According to one guest, it was a marriage ceremony featuring Washington power and Boston brains. Richard Goodwin, 44, a former speechwriter for the Kennedy and Johnson Administrations, and Doris Kearns, 32, a Harvard government professor who once served as Lyndon Johnson's White House confidante, stopped talking politics long enough to exchange wedding vows last week in Massachusetts. The pair had been collaborating on a history of the Johnson years until a tangled legal dispute between Basic Books, Simon & Schuster and the authors caused Goodwin to drop out of the project last June. They were wished better luck in their new joint venture by 175 guests including Senator Ted Kennedy, Writer Norman Mailer and Historian Arthur Schlesinger Jr. "It's a pity my wife isn't here," observed Schlesinger after the crowded ceremony in the Goodwins' home. "She is two feet taller than I am and could have seen it all."
Actor-Director Orson Welles will do a mind-reading act, and Comedian Bill Cosby will play a fumble-thumbs straight man. But the star of NBC's Dec. 26 special will be Doug Henning, 28, Canadian-born escape artist, magician and current Broadway star of The Magic Show. For his debut as host of a live TV special (The World of Magic), Henning will attempt Houdini's famous water-torture escape trick, a piece of submerged wizardry last performed by the master himself in the 1920s. With hands manacled and feet padlocked in stocks, Henning will descend headfirst into a tank of water. To break Houdini's record, he must escape within two minutes. If he wants to continue his TV career, he'll have just a bit more time. Says Doug: "I can only hold my breath for 2 1/2 minutes."
There she was, sounding like a sightseeing bus driver. Actress-Singer Ann-Margret, 34, had come to Paris for a part in Director Claude Chabrol's new movie Crazy Bourgeoisie, a pillow comedy co-starring Bruce Dern and Stephane Audran.

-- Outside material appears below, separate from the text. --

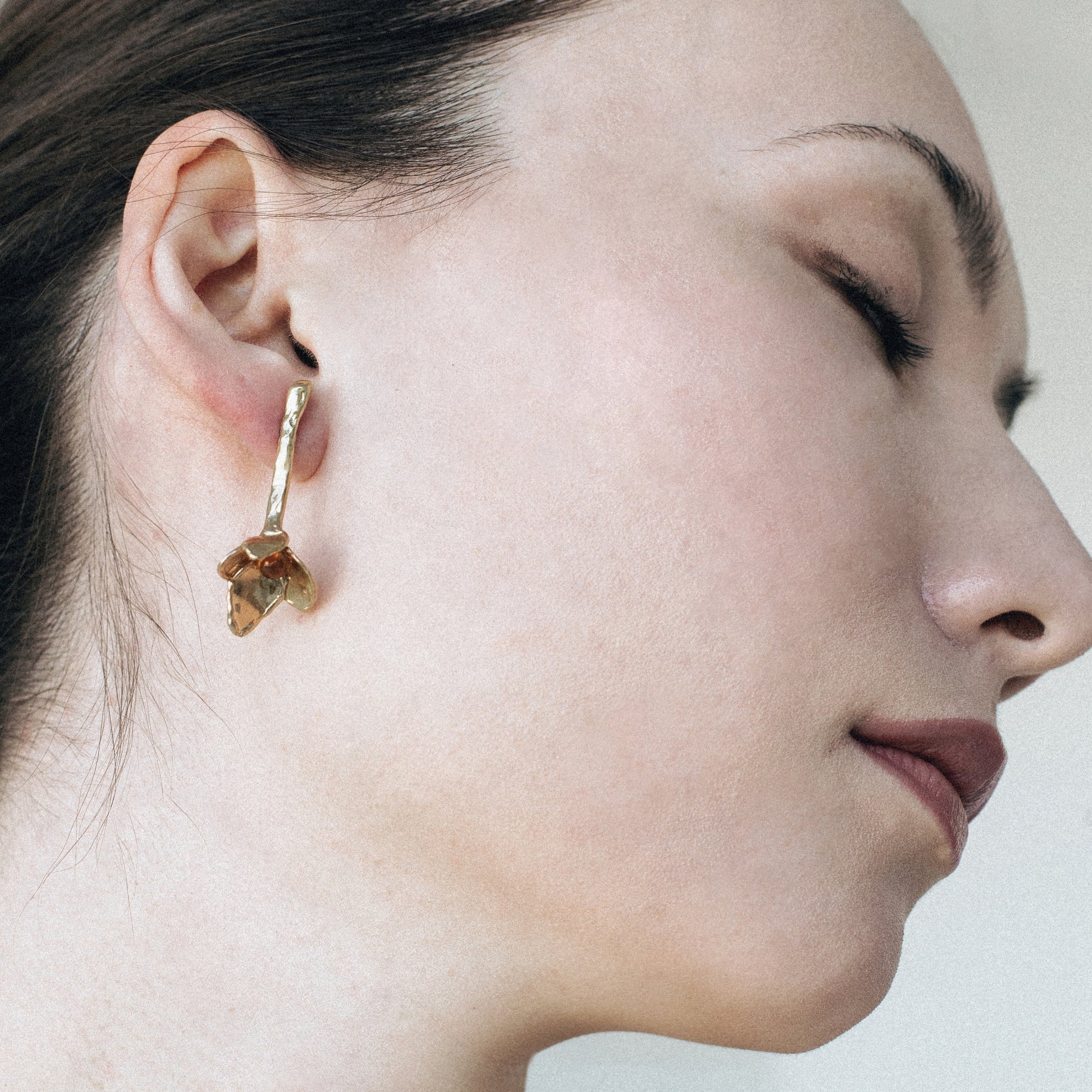 Matched Flora Earrings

Between scenes for her cameo role as a philandering translator, the actress did some Paris sightseeing. "Wherever you go there are always these fabulous restaurants or monuments or boutiques," she commented, displaying her celebrated eye for detail. Ann-Margret added that she had picked up at least one extravagant souvenir during her travels--a mink coat for Husband-Manager Roger Smith on his 43rd birthday. Customs officials, please note.
"Maureen. Thank God, she can cope with anything, just by being a bundle of nerves," drawled Playwright Tennessee Williams, 61, after watching Maureen Stapleton star in the umpteenth production of his masterwork, The Glass Menagerie. Though Williams criticized
Broadway's Circle in the Square Theater as a "gymnasium," New York Times Critic Clive Barnes called the revival of the 1944 work "magnificent." After offering praise to Stapleton and Cast Members Rip Torn, Pamela Payton-Wright and Paul Rudd, Tennessee expressed some surprise at Menagerie's longevity. "They teach it in college now, and everybody approaches it as though it were a place of worship," he observed. "Frankly, I fall asleep at times."